When you reach the line with "Autostole 9-36 Kg|Kinderkraft" in the records below, begin transcribing exactly and continue up to and including the line with "birds eye view", leaving out every picture.

RECORDS TO USE:
────
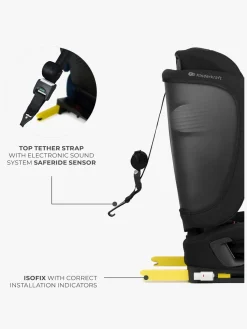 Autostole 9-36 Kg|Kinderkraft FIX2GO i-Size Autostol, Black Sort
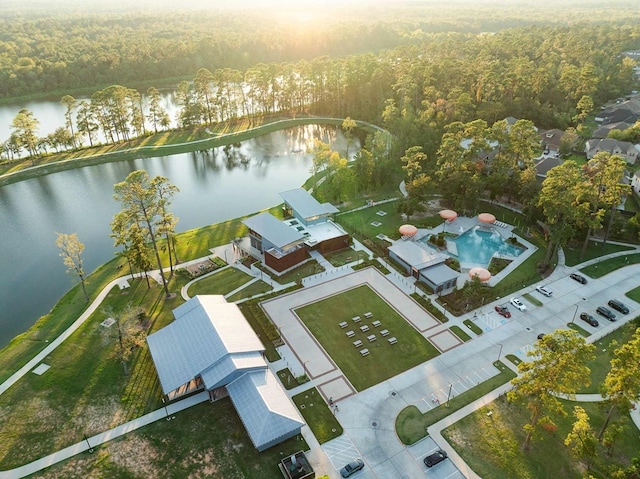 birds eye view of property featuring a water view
────
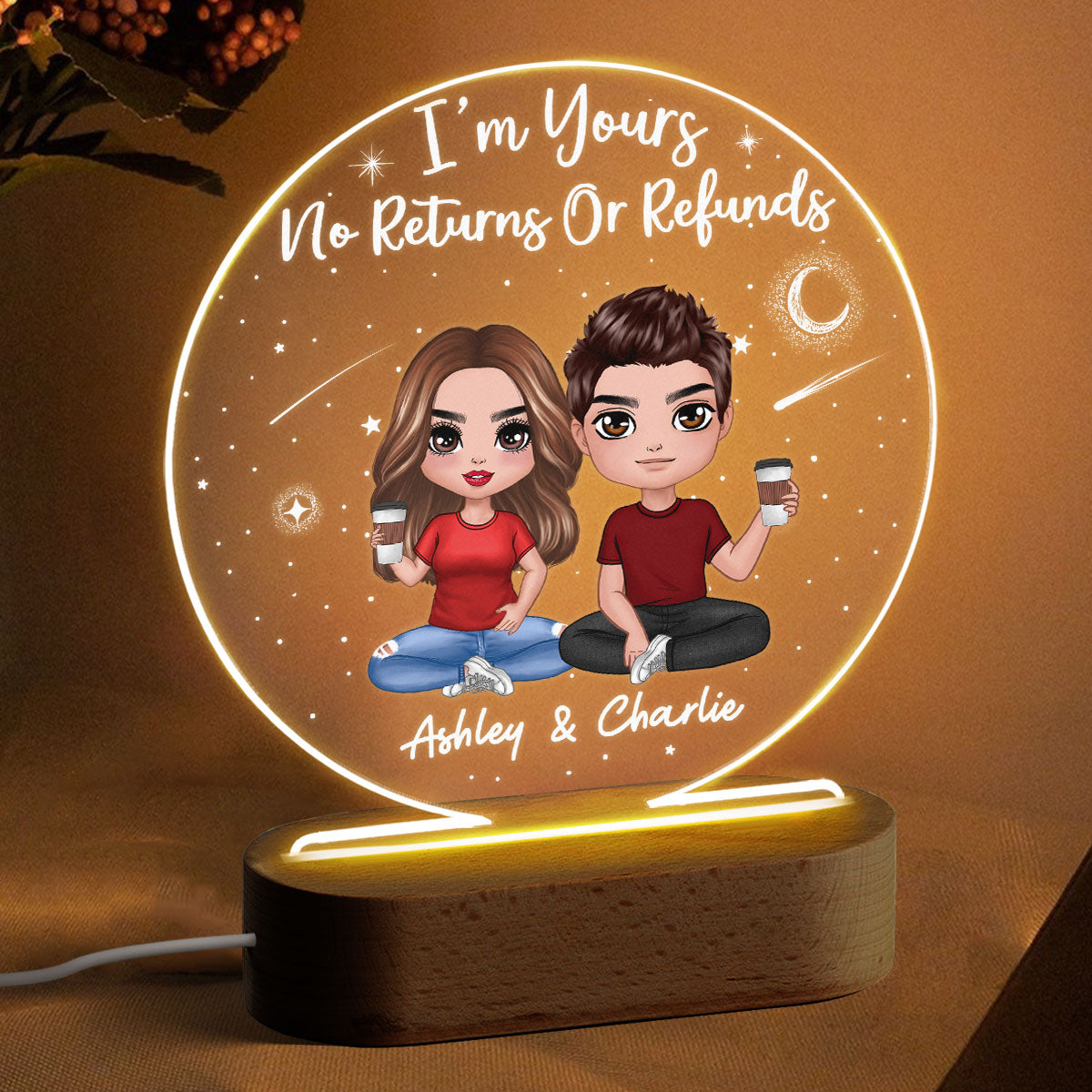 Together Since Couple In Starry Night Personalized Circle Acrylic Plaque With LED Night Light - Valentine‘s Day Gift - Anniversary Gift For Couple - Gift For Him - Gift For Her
────
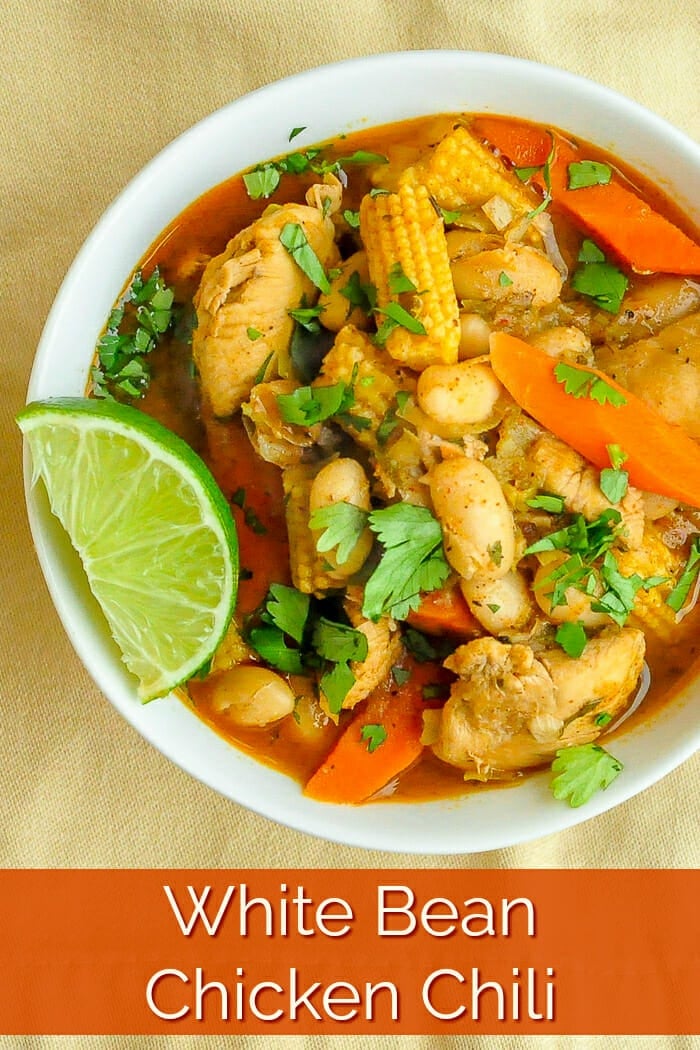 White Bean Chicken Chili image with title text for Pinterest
────
RESPONSE:
 Autostole 9-36 Kg|Kinderkraft FIX2GO i-Size Autostol, Black Sort
 birds eye view of property featuring a water view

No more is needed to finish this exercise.